I saw this on a website today.
It’s depressing.
Not because some of those films will never be made, nor because some of them will turn out to be brilliant movies. It’s the risk aversion that’s so disheartening. Sure, movies cost a fortune to make, and so studios bank on previously proven properties before pumping tonnes of cash into them, and mopping up the oceans of profit when they succeed.
That’s the accepted model anyway.
Paramount occasionally remember that their mid-budget thrillers make them forests of dosh though. They made a load in the 90s, forgot about them, and are now remembering to make them again. And of course, those mid-budget movies don’t always feature original stories. In fact, many of them are bestselling novel adaptations. But for every The Rainmaker, there’s one The Peacemaker.
But there’s yet another model that seems to get overlooked.
Spend a little bit – ie, 10-30 million – and reap massive rewards.
Juno cost $7.5 million, and made $231 million. Slumdog Millionaire cost $15 million and returned $377 million. And for the same price The King’s Speech grossed $414 million.

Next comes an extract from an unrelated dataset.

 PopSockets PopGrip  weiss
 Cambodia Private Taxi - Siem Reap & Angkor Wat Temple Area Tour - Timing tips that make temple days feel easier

Not that it matters how much they made – though it does obviously, because movie making is a business after all – these are good films with original good stories. Well, The King’s Speech is Rocky for middle class people, but Rocky itself only cost a million bucks and made upwards of Sylvester Stallone (and bought us the Steadicam too).
Are you banking on a break out hit though? How many of these smaller budget films get those sort of numbers? If it’s one in twenty, then it cost the same as a new Avengers film I guess.
Why do you think those films called Razorblade, Sawtooth, and Haunted keep getting made? Because clear concept, low budget horror films make a ton of money off of a low investment.
Basically, what I’m saying is this.
Stop spending development money on reboots, remakes, sequels, and superheroes, and spend it on me instead. I have bills to pay.